En 2006 un puesta italiana de Esperando a Godot, con las hermanas gemelas Luisa y Silvia Pasello en los roles principales debió enfrentar otro pedido de levantamiento, pero el elenco decidió ignorar la intimación y seguir con la puesta en el teatro de Pontedera mientras la justicia romana definía el asunto. Finalmente, se falló a favor de la posición del director Robert Bacci y el hecho fue considerado como una declaración a favor de la igualdad de derechos de hombres y mujeres.
Yo Lucky, yo Muchacho
Si en Pasos el problema fue la modificación de las marcaciones escénicas, en Esperando a Godot el problema recurrente tuvo que ver con el género de los intérpretes: está estrictamente pautado que debe ser un elenco de cinco varones.

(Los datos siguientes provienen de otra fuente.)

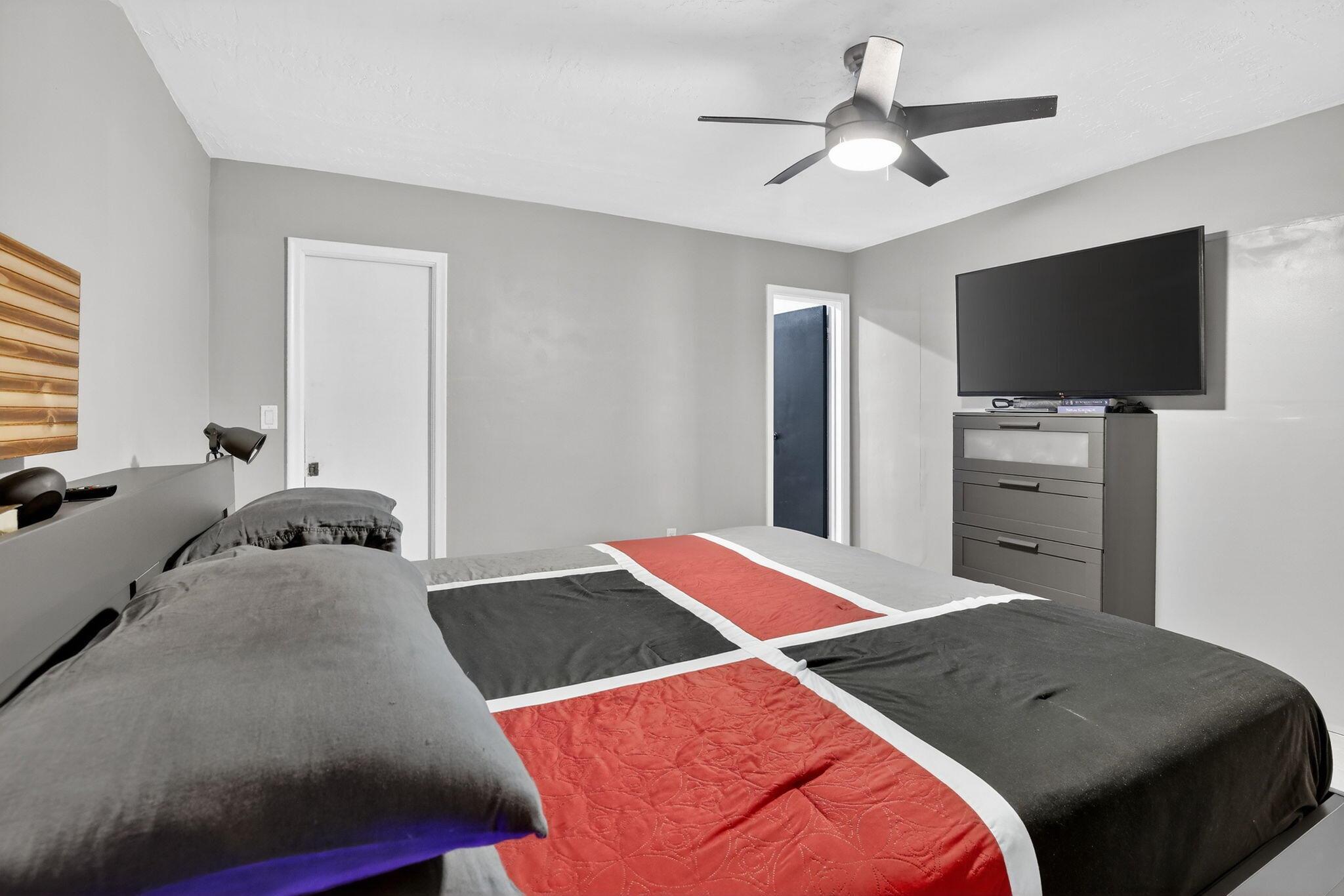 SUNRISE GOLF VILLAGE - Residential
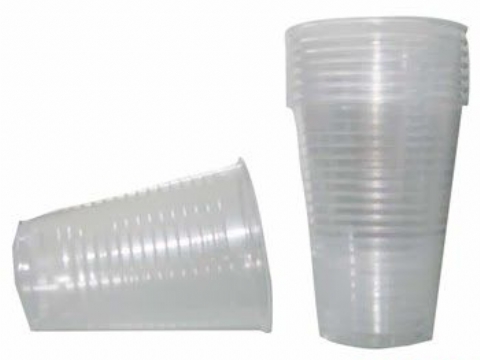 Plastik-bardak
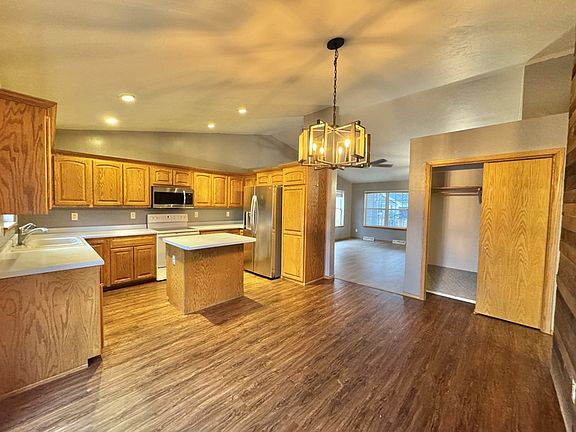 4th image of 2941-2943 Popplewood Ct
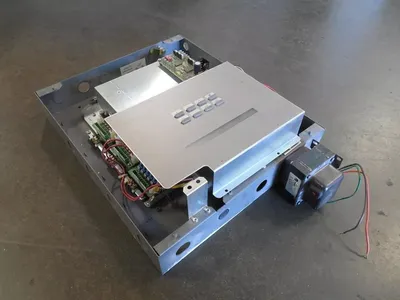 Trane BMTU000AAAS6770001000200 Universal PCM Programmable Control Module NC Used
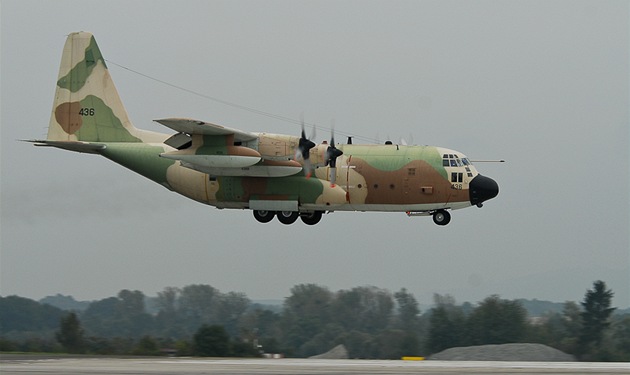 Letoun C-130 Hercules izraelského letectva pistává na monovském letiti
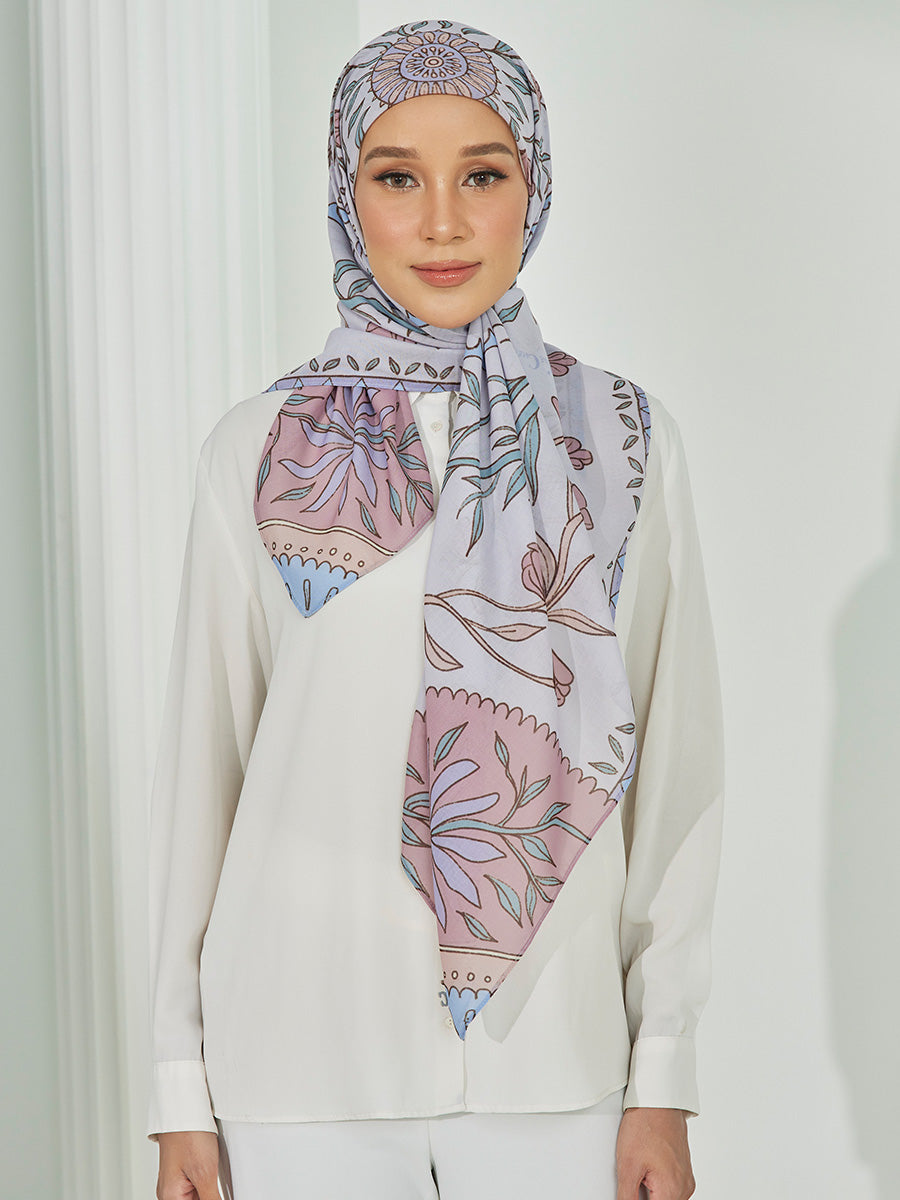 Juwita in Scarlet
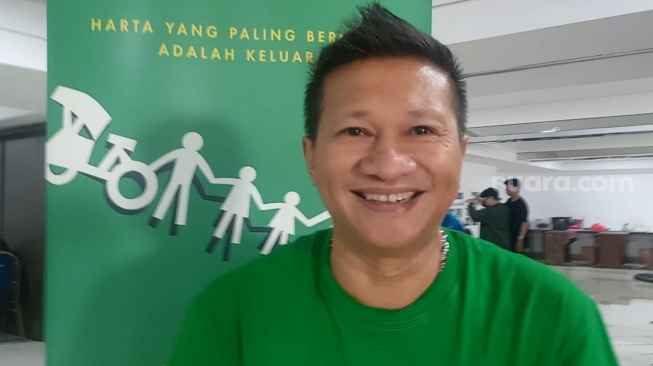 Mang Saswi ditemui di Kuningan, Jakarta Selatan pada Rabu, 13 Mei 2025. [Suara.com Rena Pangesti]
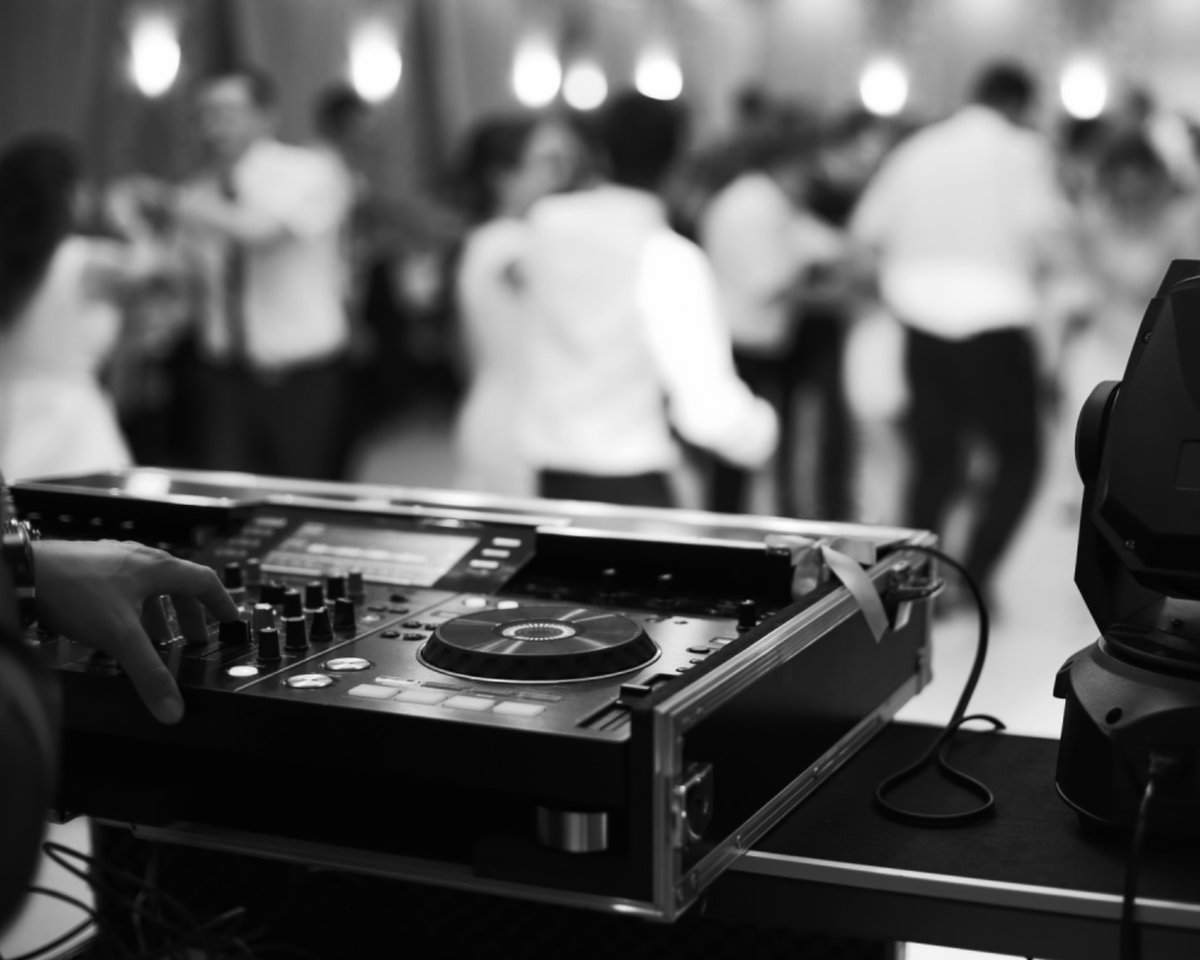 justintimedj's tweet photo. It's #WeddingWednesday &amp; we're inspired! 

It's no secret that when planning wedding reception events, many couples are forgoing more traditional events to create more time for fun, and we love to see it! 🎉👏 Our team is all about creating one-of-a-kind, special moments &amp; me ... https://t.co/2cdGB0GRyh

Y si bien es cierto que sus herederos se han mostrado intransigentes al respecto, el propio Beckett no lo ha sido menos. Un año antes de su muerte, en 1988, demandó a una compañía holandesa (De Haarlemse Toneelschuur ) que intentó una puesta con presencia totalmente femenina. El veto estuvo vigente hasta 1991, en que una jueza consideró que el cambio de género no afectaba negativamente el legado del autor o la intención original de la obra y la puesta pudo estrenarse en el festival de Avignon de ese año.
Cuenta Couceyro en un posteo de Facebook que al enterarse del planteo legal su primea reacción fue reírse por lo “absurdo” y porque no creía que la objeción fuera a prosperar “en 2018, en este contexto histórico, en plena primavera feminista, en pleno auge sororo, en plena marea verde y en un país con Ley de Identidad de género”. Y añadía: “¿Como saben que soy una mujer? ¿Qué significa ser un varón o una mujer?”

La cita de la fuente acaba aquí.